About this exercise
Output only the entries, exactly as given, without the pictures.

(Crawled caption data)
═══
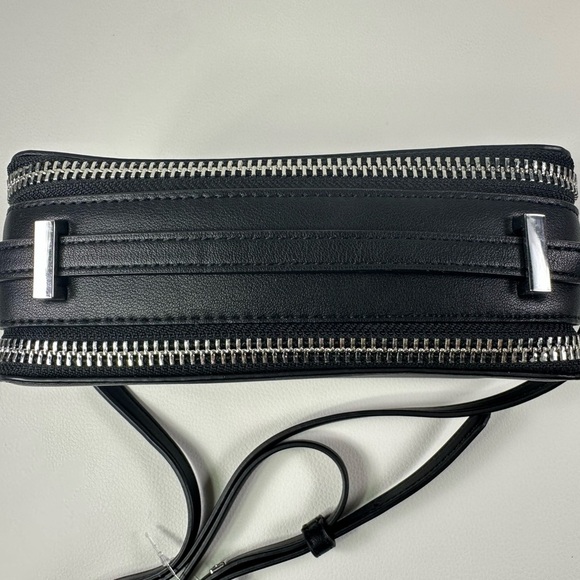 Women’s NEW DKNY Carter Logo Camera Crossbody Bag - Picture 10 of 12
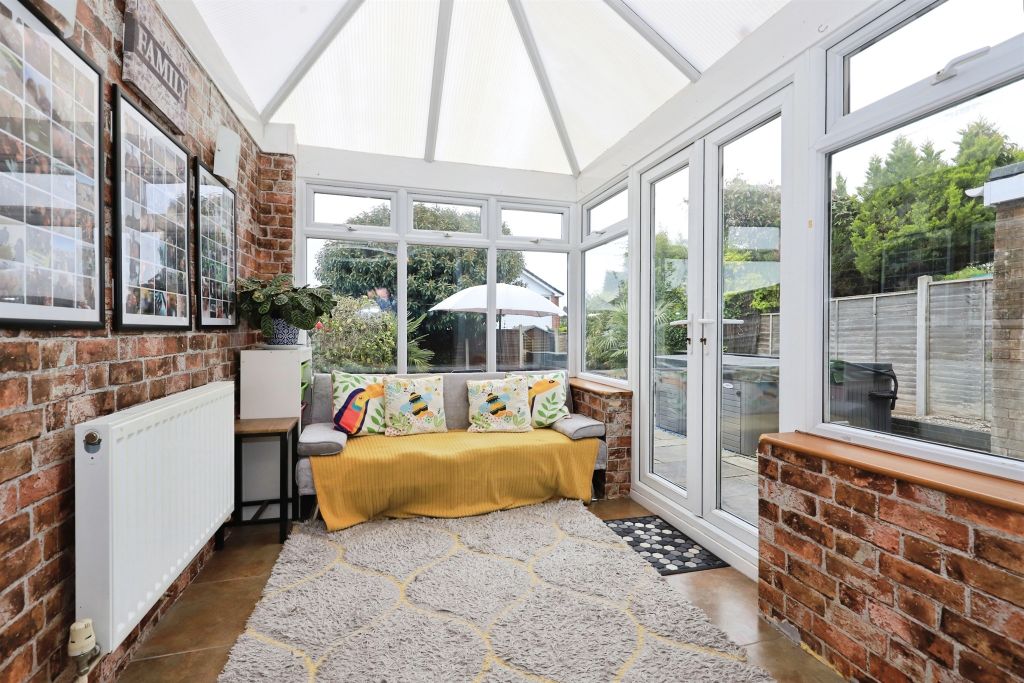 Additional image 4 of 3 bed link detached house for saleConiston Way, Bewdley DY12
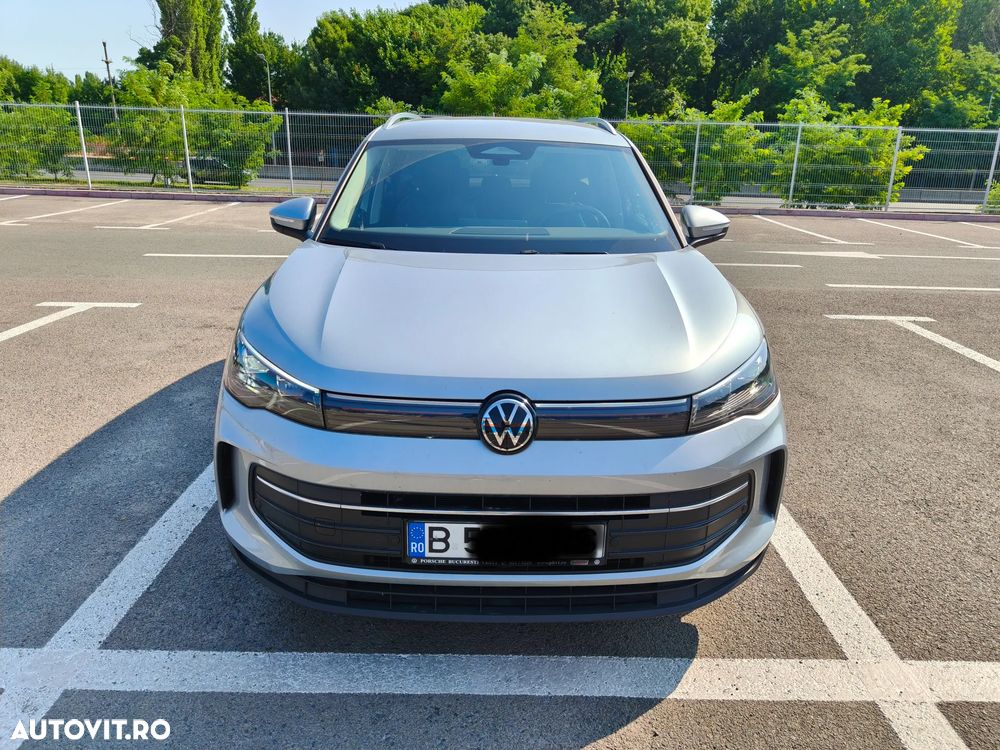 Volkswagen Tiguan - 1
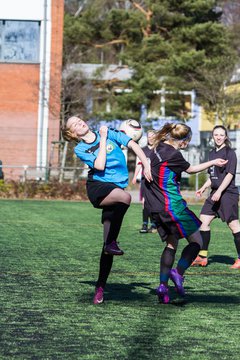 Bild 278 - B-Juniorinnen SV Henstedt-Ulzburg - MTSV Olympia Neum�nster : Ergebnis: 0:4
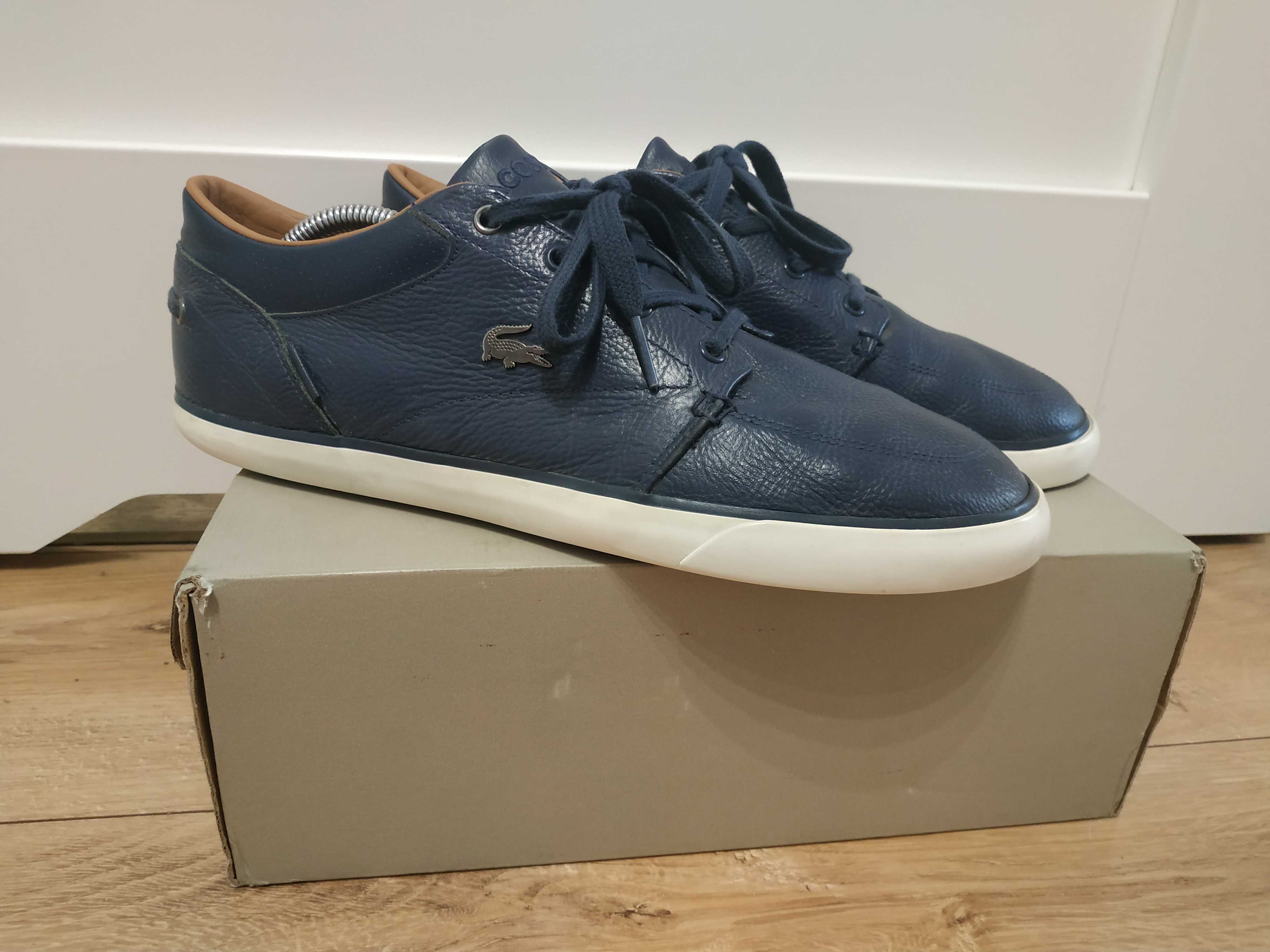 Granatowe buty Lacoste, rozmiar 42, stan bardzo dobry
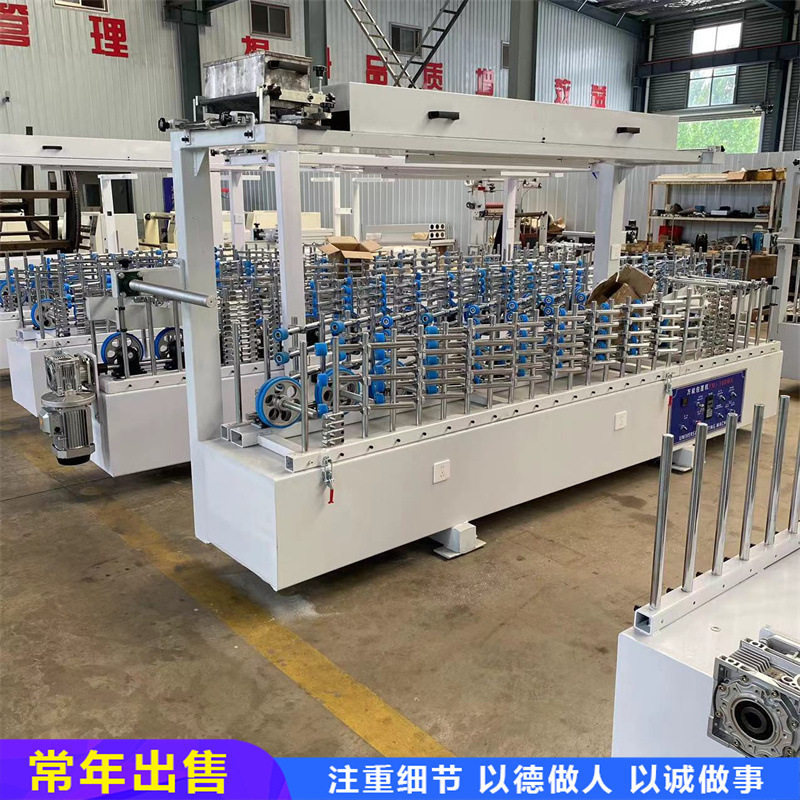 鱼骨木墙板竹木纤维板包覆机 异形线条 木饰面集成墙护墙板包覆机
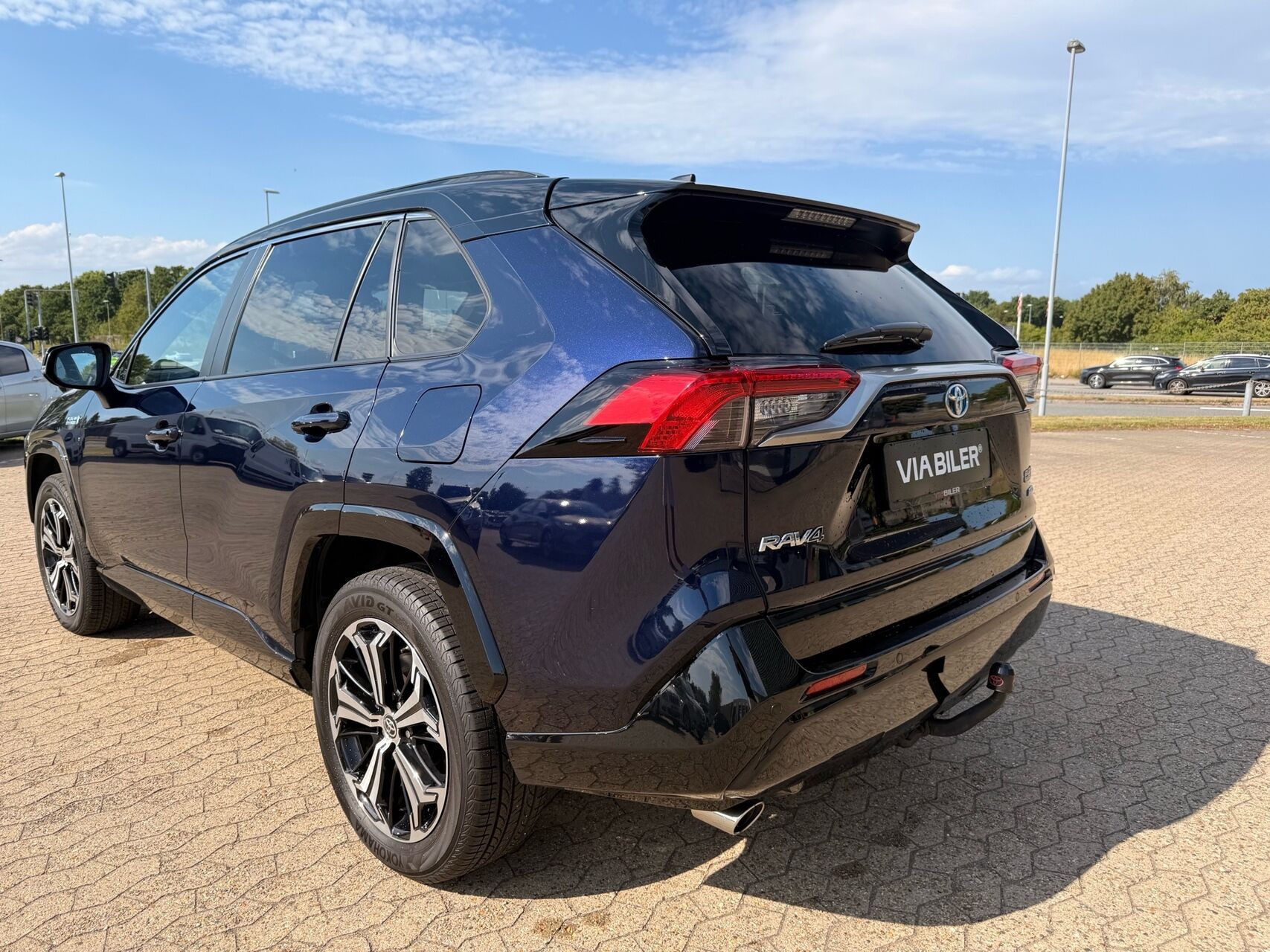 Blå Toyota RAV4 Plug-in fra 2021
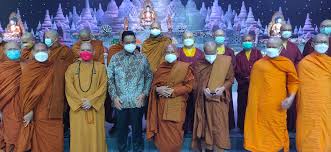 Untuk memahami konsep ketuhanan dalam agama buddha, perlu dimengerti terlebih dahulu bahwa dalam masyarakat pada umumnya terdapat. Perayaan Tri Suci Waisak Digelar Sederhana Namun Khidmad Faktapers Id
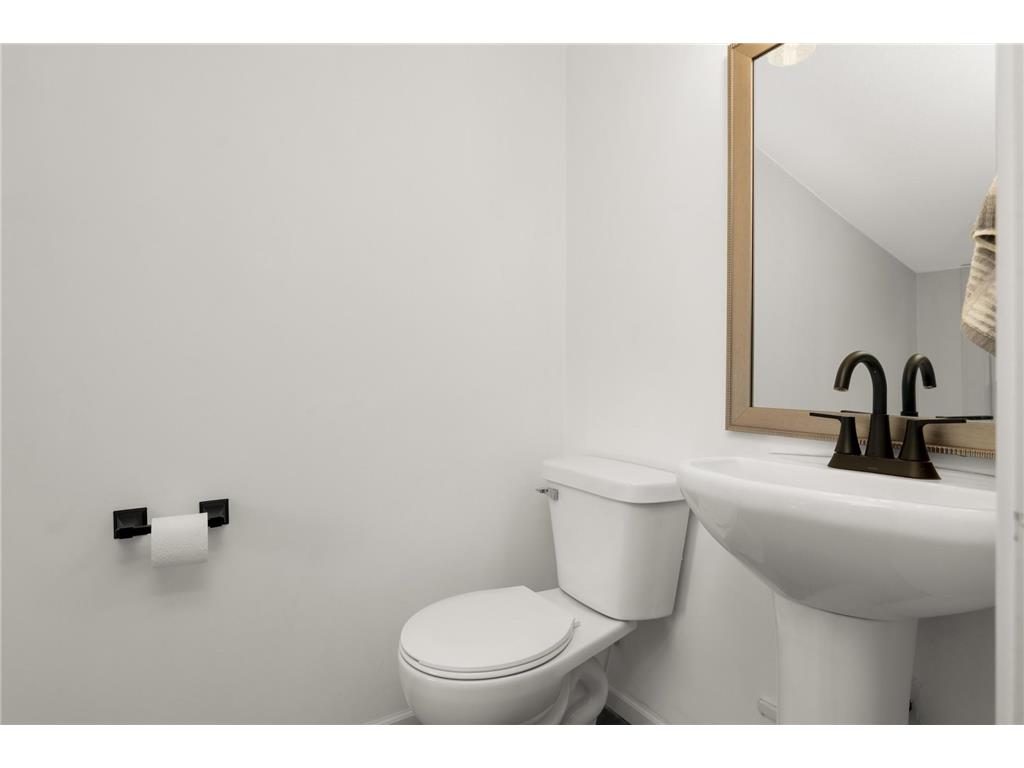 2734 Randolph Street NE Minneapolis MN 55418 7060160 image25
═══
Task answer
 Women’s NEW DKNY Carter Logo Camera Crossbody Bag - Picture 10 of 12
 Additional image 4 of 3 bed link detached house for saleConiston Way, Bewdley DY12
 Volkswagen Tiguan - 1
 Bild 278 - B-Juniorinnen SV Henstedt-Ulzburg - MTSV Olympia Neum�nster : Ergebnis: 0:4
 Granatowe buty Lacoste, rozmiar 42, stan bardzo dobry
 鱼骨木墙板竹木纤维板包覆机 异形线条 木饰面集成墙护墙板包覆机
 Blå Toyota RAV4 Plug-in fra 2021
 Untuk memahami konsep ketuhanan dalam agama buddha, perlu dimengerti terlebih dahulu bahwa dalam masyarakat pada umumnya terdapat. Perayaan Tri Suci Waisak Digelar Sederhana Namun Khidmad Faktapers Id
 2734 Randolph Street NE Minneapolis MN 55418 7060160 image25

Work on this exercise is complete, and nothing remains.